3e thème : Comment garder son huile
L’huile fournit la lumière qui permet d’éclairer une situation. Ne plus avoir d’huile, c’est se laisser conduire par l’habitude, faire comme on a toujours fait.
Charles Péguy a écrit : « Il y a quelque chose de pire que d’avoir une âme même perverse, c’est d’avoir une âme habituée. » Pendant longtemps, je n’ai pas été d’accord avec cette citation car je sais le mal que peut faire une âme perverse. Et puis j’ai écouté Péguy me dire : « Une âme perverse peut faire beaucoup de mal, mais une âme habituée, c’est pire. » L’âme habituée est pire que l’âme perverse car elle édulcore et pervertit l’Évangile.

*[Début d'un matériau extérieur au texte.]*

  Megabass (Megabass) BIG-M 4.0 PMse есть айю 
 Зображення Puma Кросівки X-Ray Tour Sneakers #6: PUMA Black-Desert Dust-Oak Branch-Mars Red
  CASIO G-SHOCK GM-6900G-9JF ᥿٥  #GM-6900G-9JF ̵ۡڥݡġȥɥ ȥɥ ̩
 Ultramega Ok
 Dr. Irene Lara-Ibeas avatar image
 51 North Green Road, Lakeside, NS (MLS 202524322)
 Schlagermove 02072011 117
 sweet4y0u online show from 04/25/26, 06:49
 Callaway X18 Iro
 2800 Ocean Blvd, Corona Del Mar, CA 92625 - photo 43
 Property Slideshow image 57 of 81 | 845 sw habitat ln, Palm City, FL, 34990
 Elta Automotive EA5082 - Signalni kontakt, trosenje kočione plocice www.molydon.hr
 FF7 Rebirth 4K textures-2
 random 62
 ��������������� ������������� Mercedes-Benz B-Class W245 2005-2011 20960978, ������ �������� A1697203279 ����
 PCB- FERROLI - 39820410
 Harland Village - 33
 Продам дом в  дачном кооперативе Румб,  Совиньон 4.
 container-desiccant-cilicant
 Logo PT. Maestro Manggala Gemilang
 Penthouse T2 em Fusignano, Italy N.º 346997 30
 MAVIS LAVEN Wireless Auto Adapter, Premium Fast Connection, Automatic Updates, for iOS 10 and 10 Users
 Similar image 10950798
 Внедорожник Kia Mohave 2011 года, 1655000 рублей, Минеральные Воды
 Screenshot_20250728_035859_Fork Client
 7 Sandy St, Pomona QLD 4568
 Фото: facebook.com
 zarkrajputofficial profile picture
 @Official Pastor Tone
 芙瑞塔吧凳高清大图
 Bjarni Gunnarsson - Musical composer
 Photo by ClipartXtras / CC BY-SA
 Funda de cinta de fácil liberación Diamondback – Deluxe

Garder son huile, c’est ne jamais s’habituer à l’évangile, mener le combat de la lutte contre la dégradation de l’étonnement.
Une illustration : La faute de Moïse
Un exemple biblique nous montre que même Moïse n’a pas su rester éveillé à la nouvelle donne qui se présentait devant lui.
Alors que le peuple avait soif, Moïse a frappé le rocher alors que Dieu lui a demandé de lui parler ! (Nb 20.8-12). Moïse s’est souvenu que quarante ans plus tôt, juste après la traversée de la mer, Dieu lui avait demandé de frapper le rocher pour en faire sortir de l’eau (Ex 17.6). C’est justement là que réside la faute de Moïse, il n’a pas compris qu’à circonstances différentes il devait répondre par une attitude différente.
Au moment de la sortie de l’esclavage, le peuple était dans l’économie religieuse du miracle, c’est pourquoi ce dernier s’est manifesté en coupant la mer, en envoyant la manne et en fournissant l’eau du rocher. Quarante ans plus tard, au moment où il se prépare à entrer en terre promise, Dieu est en train de faire passer son peuple de l’économie du miracle à celle de la parole. L’économie du miracle est symbolisée par le bâton magique qui a permis au peuple de se libérer de la servitude, mais elle n’a qu’un temps. Il faut maintenant que le peuple apprenne à devenir adulte et à s’organiser par la parole plus que par le prodigieux.
Parce qu’il n’a pas tenu sa lampe allumée et qu’il n’a pas compris la nouveauté de ce qui lui était demandé, ce n’est pas Moïse qui conduira le peuple en terre promise.